I fight back the tears as soon as I leave my friends’ house. Not an emotional wreck but something is bubbling up. I need to keep some semblance of control. I don’t want the person on the other side of the gas pump island to freak out. What’s his problem? Not that she notices me at all. It’s a quick pit stop. She’s on her way to work or to fight for a parking spot while doing last-minute Christmas shopping.
I restart the car. Colbie Caillat, that hippy chick from Malibu sings “Realize”, adding to the Southern California ambience. They really like her here. She sang “Brighter Than the Sun” as I parked under a palm tree on a quick grocery run after my plane landed at LAX three days ago.
My eyes well up again as I merge onto the 405, heading toward Santa Monica. It’s fatigue, I tell myself. A college bowl game, a day at Disneyland, sleeps in strange beds,...so many excuses. Except on this morning I feel more rested than I have in months. Apparently that smoggy L.A. air is good for my soul. I drive down windy Sunset Boulevard towards Pacific Palisades, the chic village between Santa Monica and Malibu where I used to live in a bright pink multi-unit building now blanched white. At least the ever-blooming bougainvilleas remain to cover most of the lower facade.

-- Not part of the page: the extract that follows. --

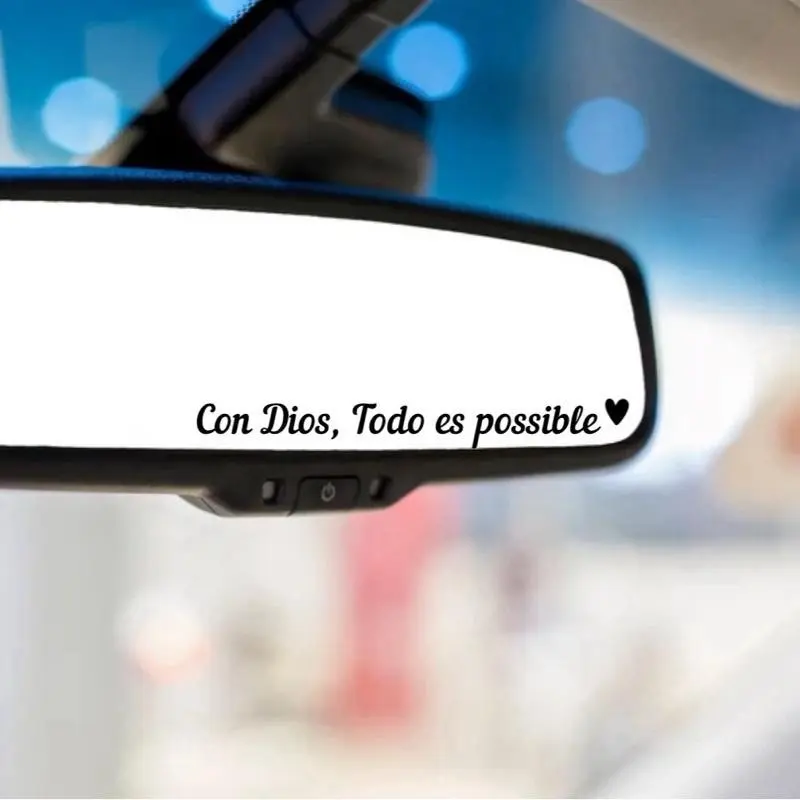 Con Dios Todo es Possible Vinyl Rear Mirror Car Sticker, Bold Statement Auto Accessory for Personal Expression, Easy-to-Apply Car Exterior Decal, Car Accessories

For a year, this was my haven. I could access all that Los Angeles had to offer and then retreat to this sleepy neighborhood where nannies chauffeured impeccably dressed toddlers in the newest Mercedes models. I cannot spot any caregivers today. Maybe they’ve been given a few days off for Christmas. Maybe they are the ones tasked with scouring The Beverly Center to pick up an extra something now that Uncle Lloyd is bringing his new girlfriend to the turkey dinner. I do not see any children at all. The sidewalk is stroller free. Maybe there are Christmas and Hanukkah camps tucked away in one of the canyons to entertain the kiddies.
I am composed now as I type on my laptop in a Starbucks that didn’t exist in this space twenty years ago. What was it? A restaurant? Doesn’t really matter. Gone, forgotten. I am sandwiched between two other laptop users. As I gaze at toward Sunset two other men punch keys on their laptops. They’re all writers, aren’t they? This is Greater Los Angeles where everyone is working on a screenplay.

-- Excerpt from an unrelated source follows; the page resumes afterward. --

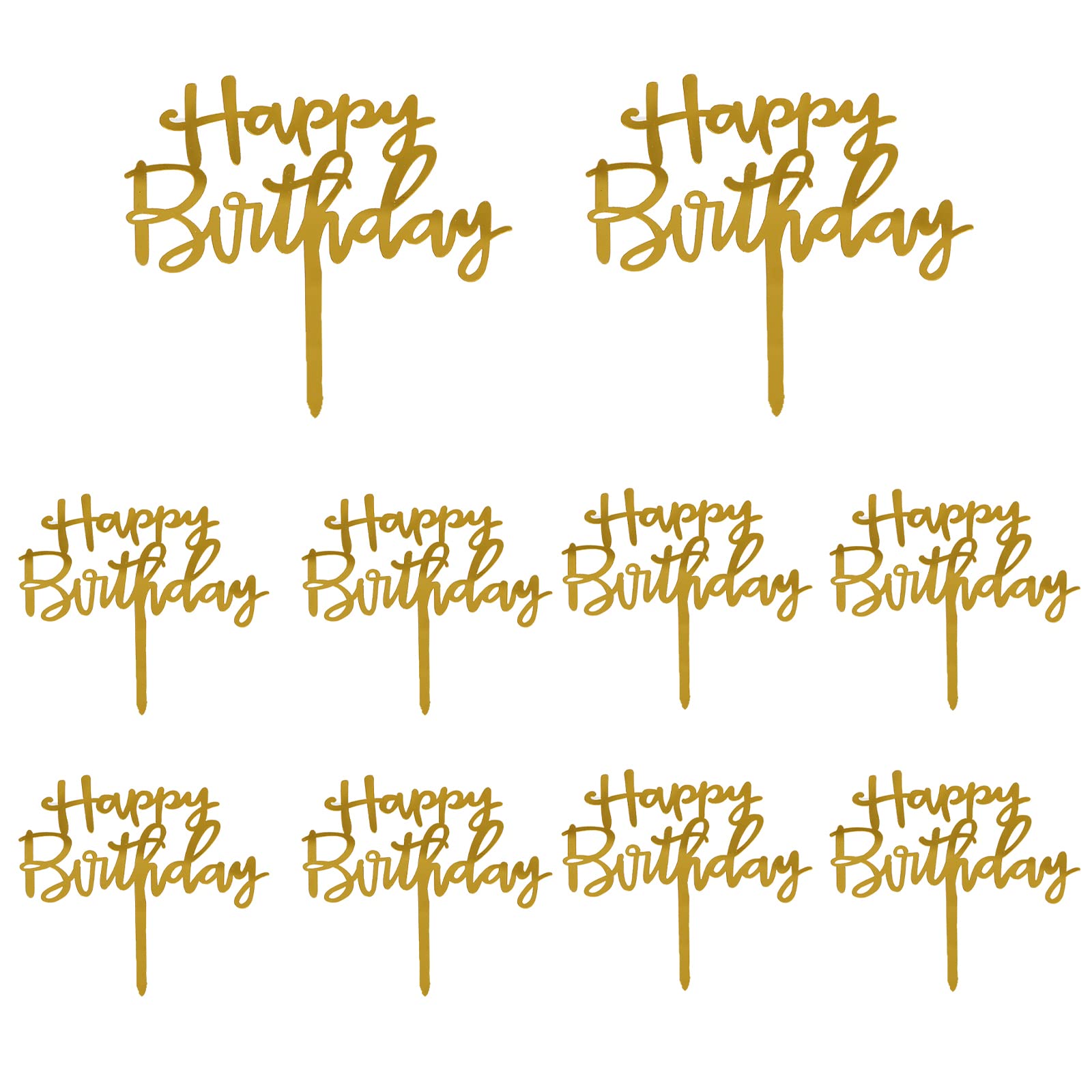 10 Pack Gold Acrylic Happy Birthday Cake Toppers - Glitter Party Decorations for Birthday Cakes, Cupcakes & Desserts - Perfect for Birthday Parties, Baby Showers & Anniversary Celebrations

I peek to my left. They white guy with the ‘60s afro isn’t typing a thing. He’s surfing a police website after two officers approached him and directed him to stop smoking his tobacco pipe outside the neighboring retail space. He still simmers with anger. If he is a writer, his day is shot. One of the fellows across from me has stopped typing. He plays with the cursor, sips from an empty coffee cup. Writer’s block.
Maybe I have a shot. I must focus on my own work instead of (literally) looking over my shoulder. Do I want to return here? As evidenced only an hour earlier, I can be a little too fragile. I will face a lot of rejection. I will be summarily dismissed as the gray pokes through my dyed sideburns. My ego will be bruised and abused.

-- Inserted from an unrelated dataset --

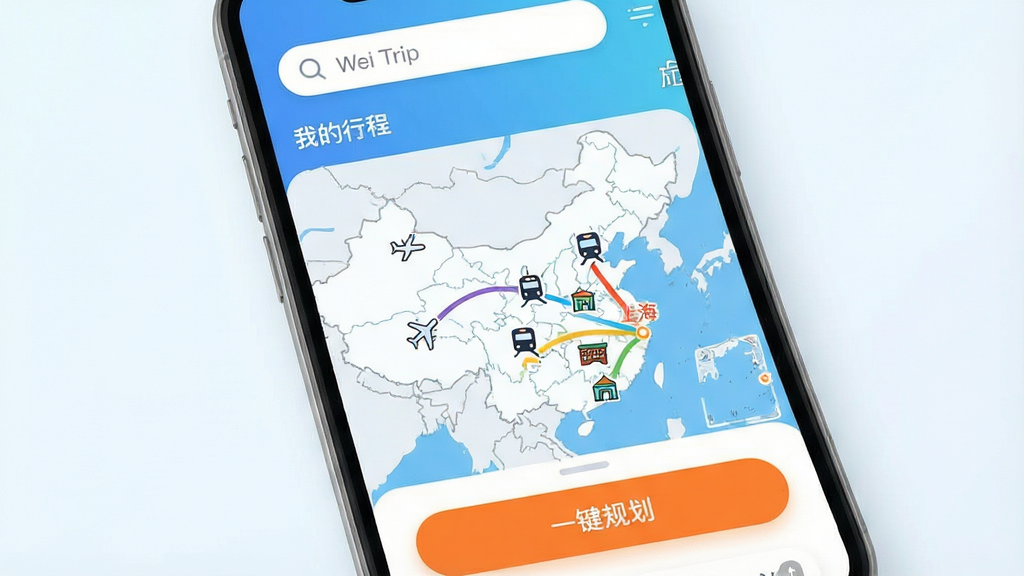 һ���ֻ���Ļ��ͼ����ʾWei Trip�������棬�����µ����׽���Ϊ��ɫ�����������������͡��ҵ��г̡��������м���һ���й���ͼ�������ò�ɫ������ע�˴ӱ������Ϻ����г�·�ߣ���;�зɻ����𳵡��Ƶꡢ�����Сͼ���׺���ײ�����Ŀ�ġ�һ���滮����ɫ��ť�������Ű�ɾ����࣬�ִ���ƽ����Ʒ�񣬽���ϸ��Բ����ͣ����ʸ��壬�޶���Ԫ�ء�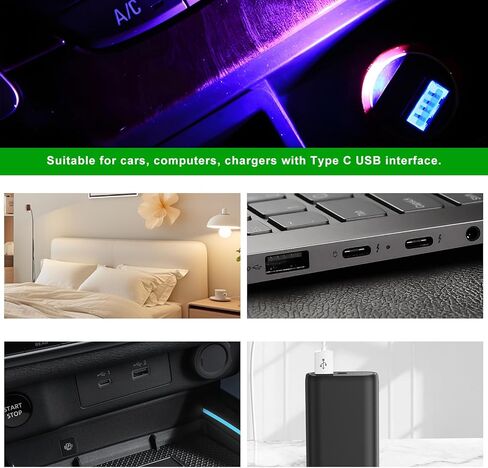 2 قطعة USB نوع C LED ضوء محيطي، 8 ألوان RGB مصباح جو داخلي مع سطوع قابل للتعديل، ضوء ليلي LED قابل للحمل طقم إضاءة محيطة محمول لشاحنة سيارة الدفع الرباعي in Kuwait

But I want this. My heart beats loud and fast. It may be the caffeine kicking in, but I prefer to attribute it to desire. Yes, I want this. I want my chance.
All of this feels right. It is home. I cannot move yet. The INS and the gloomy real estate market back home control the timing of my relocation. Still, this brief visit gives me resolve. In the meantime, I can write anywhere. As my own coffee is done, I am off to the other side of Sunset to settle in for a chopped salad at my old deli hangout. It used to be my Wednesday morning stop where I would load up on bottomless passion fruit iced tea and cheap buttermilk pancakes. The old awning is gone. The name has changed from Mort’s to Lenny’s. It is more upscale. Still, it remains a deli and there is just enough that is familiar to help me settle in. I have to rewrite the ending to my latest screenplay project. Having worked through the mixed emotions of returning here, it will be a productive day.